→ Task directions:
In the records below, begin at the line containing "ifm electronic Through" and end at the line containing "Sneakersy New Balance CM997HWF Biela"; quote every line in that span exactly, including both boundary lines, and no others.

→ Source data:

»»

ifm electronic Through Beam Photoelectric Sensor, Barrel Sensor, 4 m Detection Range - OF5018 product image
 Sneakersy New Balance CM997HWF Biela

««
»»

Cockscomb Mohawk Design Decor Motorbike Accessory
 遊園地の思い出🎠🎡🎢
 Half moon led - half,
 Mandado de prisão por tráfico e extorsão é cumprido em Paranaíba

««

→ Answer section:
ifm electronic Through Beam Photoelectric Sensor, Barrel Sensor, 4 m Detection Range - OF5018 product image
 Sneakersy New Balance CM997HWF Biela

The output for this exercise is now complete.